Améliorer l’espace public n’est donc pas qu’une affaire de mobilier?

C’est ce qu’on a pu vérifier encore en modifiant la place du Panthéon, dans le centre de Paris. On est à côté de la Sorbonne, beaucoup d’étudiants s’y arrêtaient pour manger à même le trottoir. On a repensé l’espace, ajouté des tables. Depuis, la place est occupée en permanence.

Faut-il nécessairement, pour créer des lieux de mixité, annoncer publiquement cette intention?

Concernant la place du Panthéon, pour la première fois, cet aspect était mentionné dans le cahier des charges. Mais encore faut-il que les concepteurs aient les compétences requises. Ce qui n’est pas toujours le cas, et de loin. On risque de retomber dans les mêmes travers que l’on dénonce. J’ai en tête l’exemple d’un espace qui a été repensé dans ce sens. À l’arrivée, on avait sur place des zones délimitées par du rose pour les filles et du bleu pour les garçons!

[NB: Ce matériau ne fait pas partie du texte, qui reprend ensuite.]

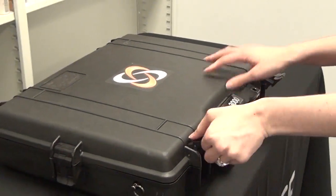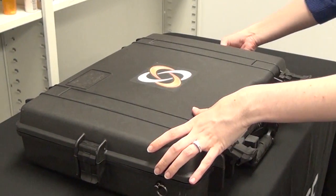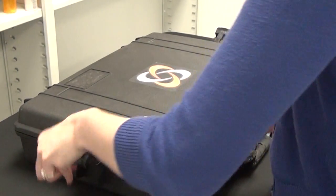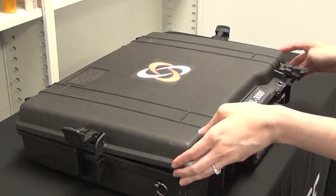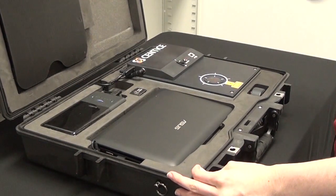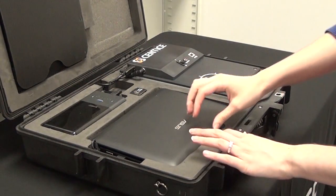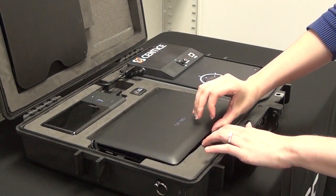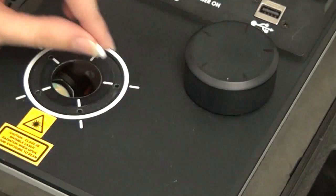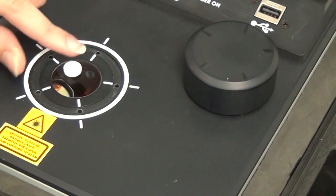The unit comes in a Pelican case, is mobile and rugged, and contains a Raman spectrometer on the right-hand side with a netbook that houses the application software and 3600 sample database.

S’agit-il de sensibiliser les urbanistes, les architectes, les ingénieurs?

Prenons l’exemple français: nous avons des écoles d’architecture qui forment des corps de métiers étatiques, très masculins, dans lesquels les femmes elles-mêmes adoptent les habitudes, les manières de faire propre à l’ordre masculin. Cet ordre, c’est Haussmann, les boulevards, la ville hygiéniste, bien rangée. Pour changer l’espace public, il faut changer l’état d’esprit de ceux qui font la ville. Une femme traverse la ville en famille, avec une poussette? Son comportement est légitime. Elle est seule, elle flâne, elle s’assied? Les regards alentour vont se modifier…

Créé: 10.11.2018, 10h14

Quatre exemples genevois qui interpellent

Cour d’école



La manière dont femmes et hommes se comportent dans les lieux publics, voilà un mécanisme qui s’établit très tôt, dès l’enfance. Le premier lieu de discrimination spatiale, c’est la cour de récréation: le terrain de foot au milieu, utilisé de préférence par les garçons, et les filles autour. Un exemple répandu à Genève. Aux filles, on apprend à «contourner», à ne pas «s’aventurer». Et si l’on met, comme ici, un château à la place des buts, filles et garçons jouent-ils au roi et à la princesse?

Terrain de football



À Genève comme ailleurs, c’est l’infrastructure sportive la plus répandue. Également l’une des plus grandes en surface occupée. En moyenne, chaque terrain comprend environ 7000 mètres carrés de pelouse, synthétique ou naturelle. Pour un usage exclusivement réservé aux footballeurs. Logique? De l’avis de l’anthropologue Chris Blache, un espace aussi conséquent devrait être consacré à des activités variées, favorisant ainsi une mixité d’usagers.

Passage souterrain



Ira, ira pas? Lorsqu’on interroge la place des femmes en ville, le premier objet qui vient à l’esprit, c’est la sécurité la nuit. Pourtant, maintes études ont montré que la plupart des agressions d’ordre sexuel ont lieu en fin de journée. N’empêche: on apprend aux femmes à avoir peur de la pénombre, du passage sans visibilité. Faut-il pour autant éclairer? Mieux encore: éclairer, mais de sorte que la zone soit agréable et donne envie à tout le monde d’y passer.

Banc public



Que suggère le banc idéal, sinon la position dite du «ravi»? C’est un homme, il prend son temps, il a l’air content. Il flâne, il s’assied. Tout ce que la femme n’ose pas se permettre? Les femmes qui s’arrêtent dans l’espace public sont rares, nous font savoir les chercheurs. Que dire alors de celles qui décident de s’asseoir? Dans ce cas, elles lisent, elles mangent, elles manipulent leur téléphone… Ne rien faire, en revanche, semble réservé aux hommes.